EXERCISE DETAILS
The answer must consist solely of the lines from the one with "Certified 2022 Nissan" through the last line of the data, copied exactly, with no pictures.

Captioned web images
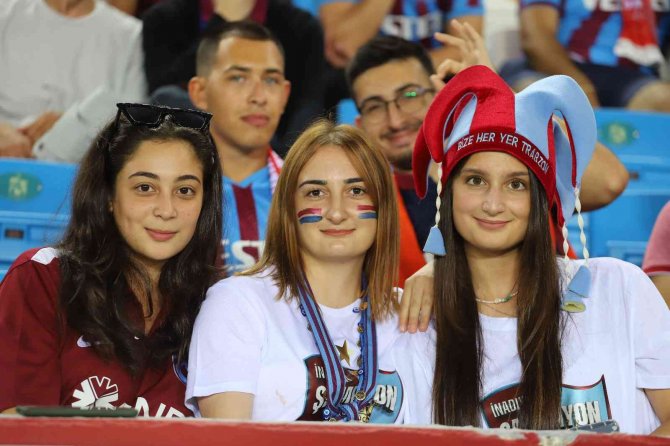 Uefa Avrupa Ligi: Trabzonspor: 1 - Kızılyıldız: 0 (İ̇lk Yarı)
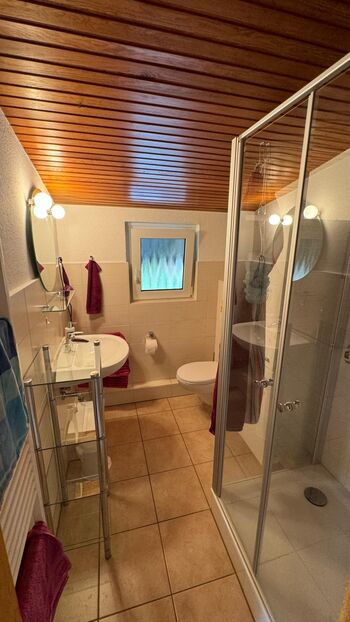Gemütliche, offene 2-Raum-Wohnung, getrennte Betten, Parkpla Bild 4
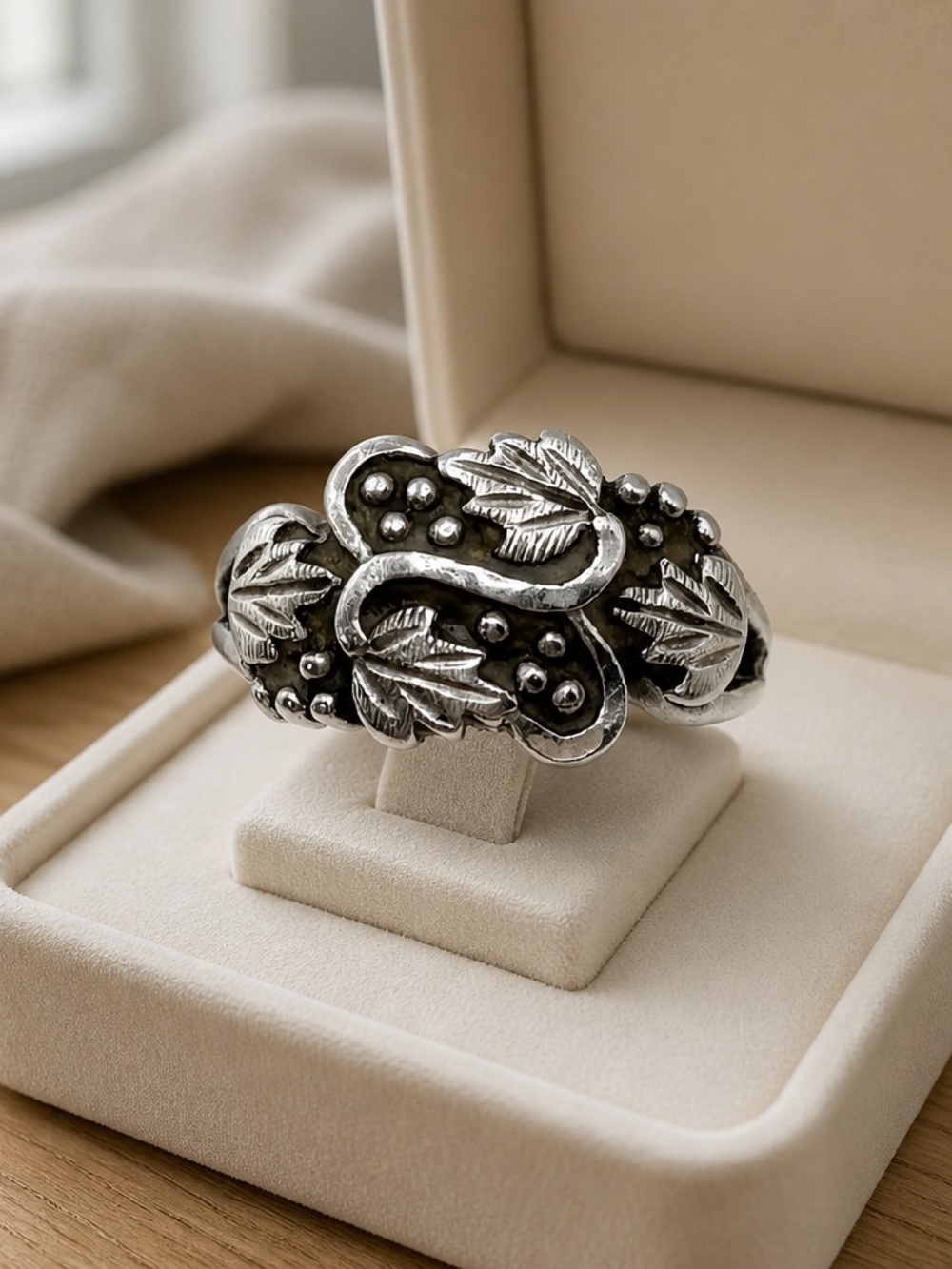 Sterling Silver Leaf Cluster Ring - Silver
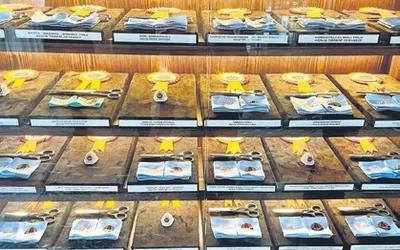 Beton ve çelikle şekillenen geleceğin yolları yükseliyor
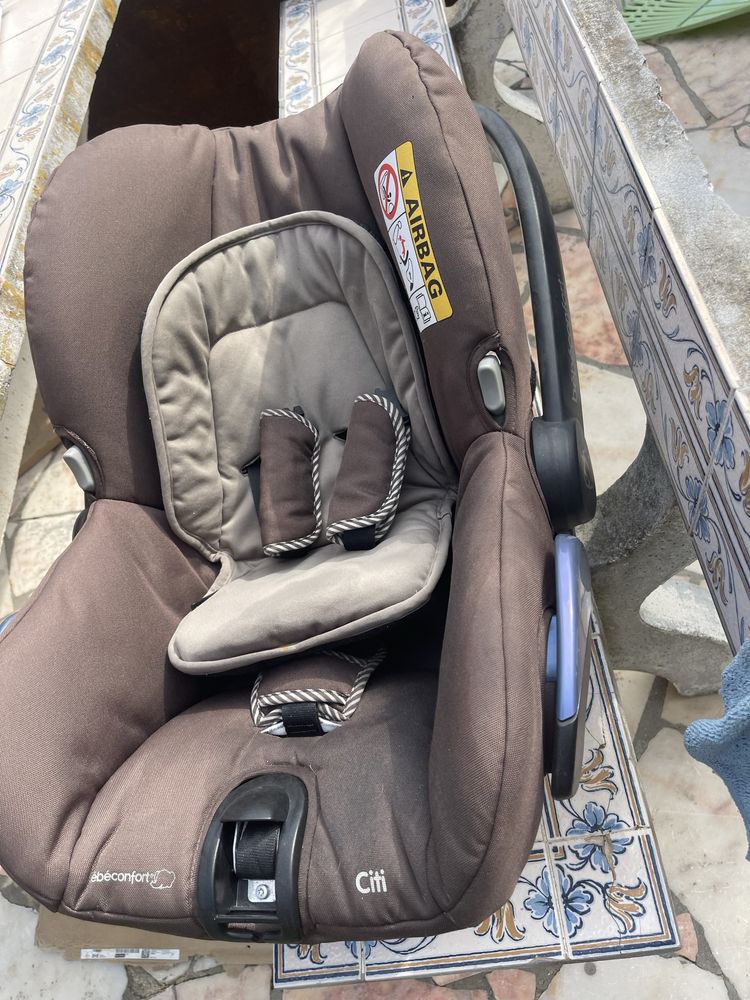 Ovo da bebeconfort com mala para bebe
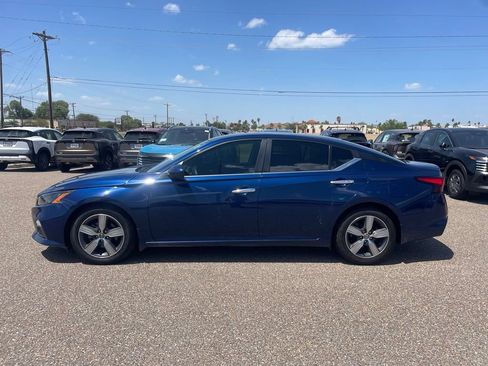 Certified 2022 Nissan Altima 2.5 S w/ Driver Assist Package FWD image 4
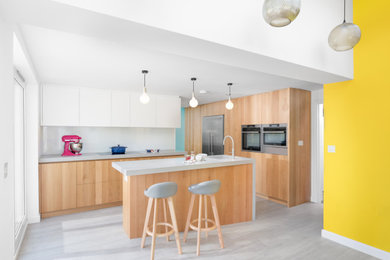 Design ideas for a modern kitchen in Sussex.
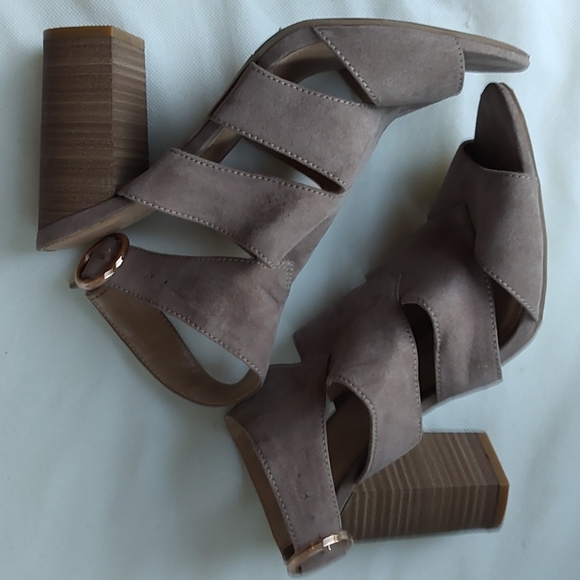 LC Lauren Conrad Pie sandals - Picture 7 of 9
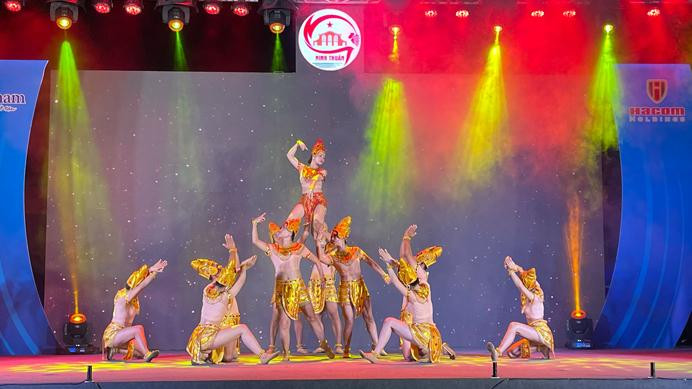 An art performance at the opening ceremony. (Photo: hanoimoi.com.vn)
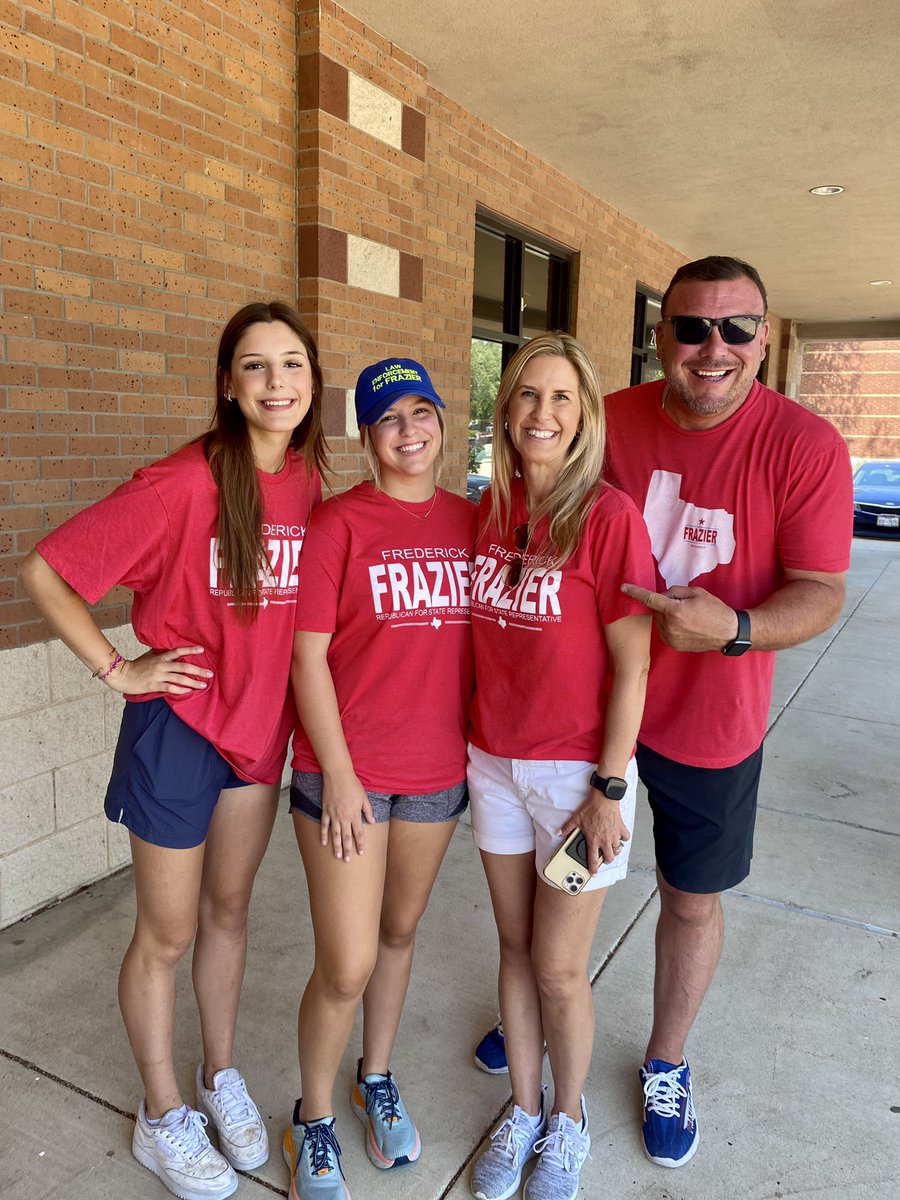 FrazierForTexas's tweet photo. The power is in the people and I’m just part of that power 💪🏼 Time to take this to the State House and they are all coming with me! Let’s GO https://t.co/vCLBC5wlpH 🇺🇸 https://t.co/koIJvm8kdG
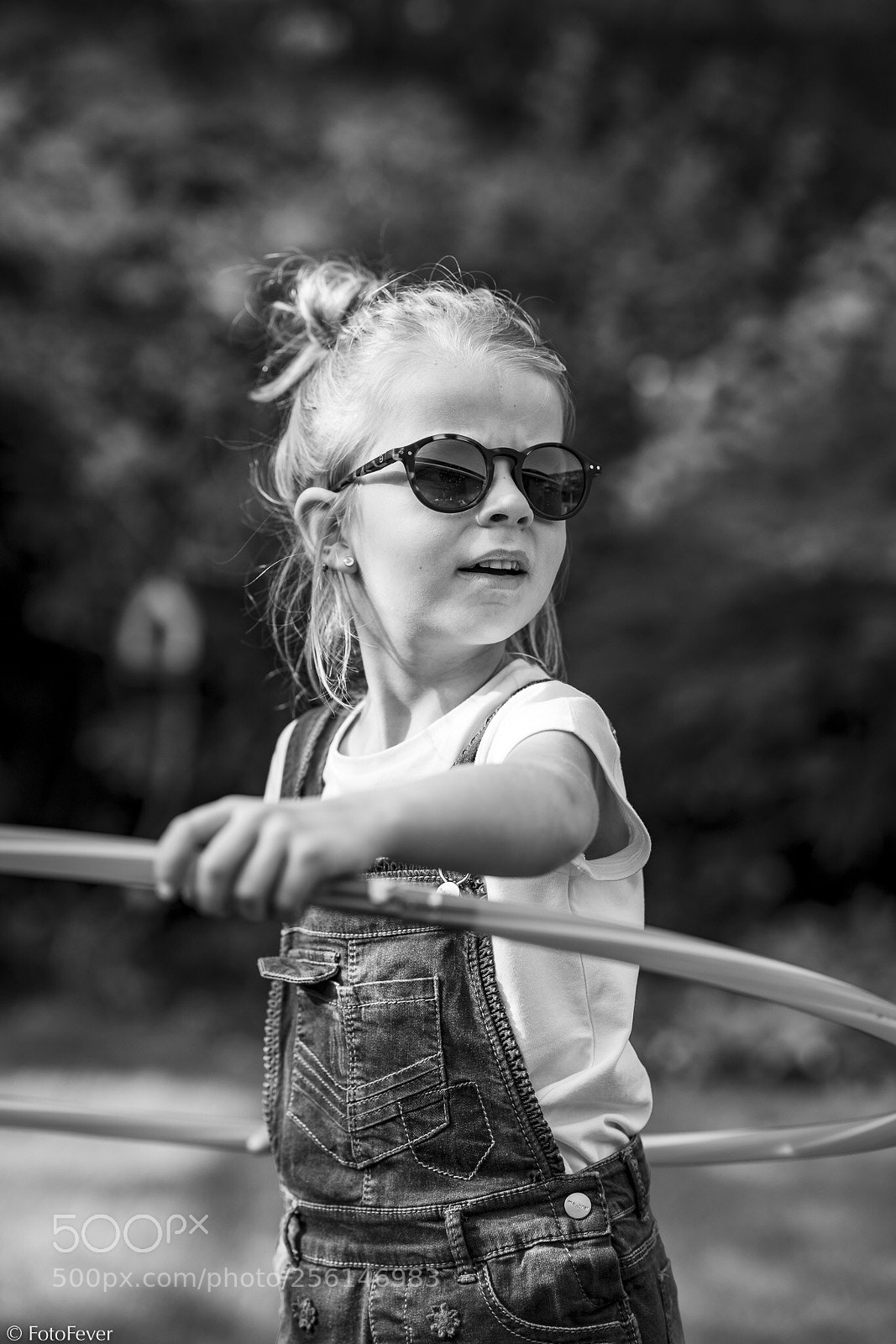 Sony a7R III sample photo. Sunglasses & hulahoop photography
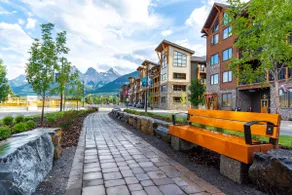 Luxury unit in the heart of Canmore - Image 3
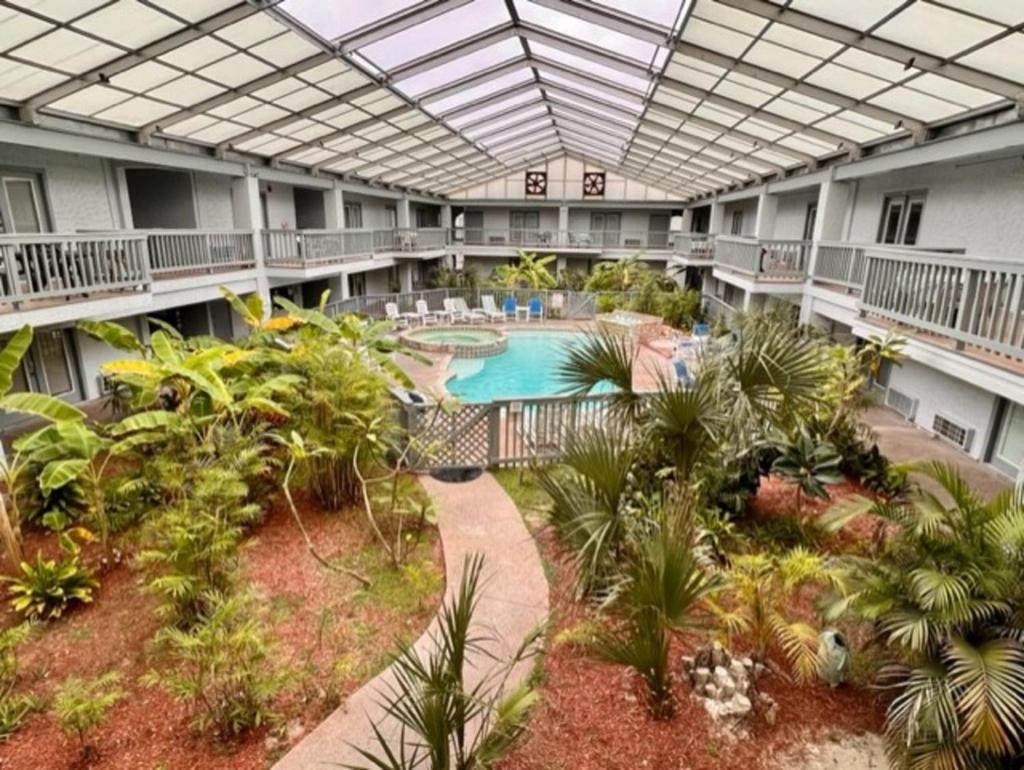 Sandpiper Shores photo 4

ANSWER SECTION
 Certified 2022 Nissan Altima 2.5 S w/ Driver Assist Package FWD image 4
 Design ideas for a modern kitchen in Sussex.
 LC Lauren Conrad Pie sandals - Picture 7 of 9
 An art performance at the opening ceremony. (Photo: hanoimoi.com.vn)
 FrazierForTexas's tweet photo. The power is in the people and I’m just part of that power 💪🏼 Time to take this to the State House and they are all coming with me! Let’s GO https://t.co/vCLBC5wlpH 🇺🇸 https://t.co/koIJvm8kdG
 Sony a7R III sample photo. Sunglasses & hulahoop photography
 Luxury unit in the heart of Canmore - Image 3
 Sandpiper Shores photo 4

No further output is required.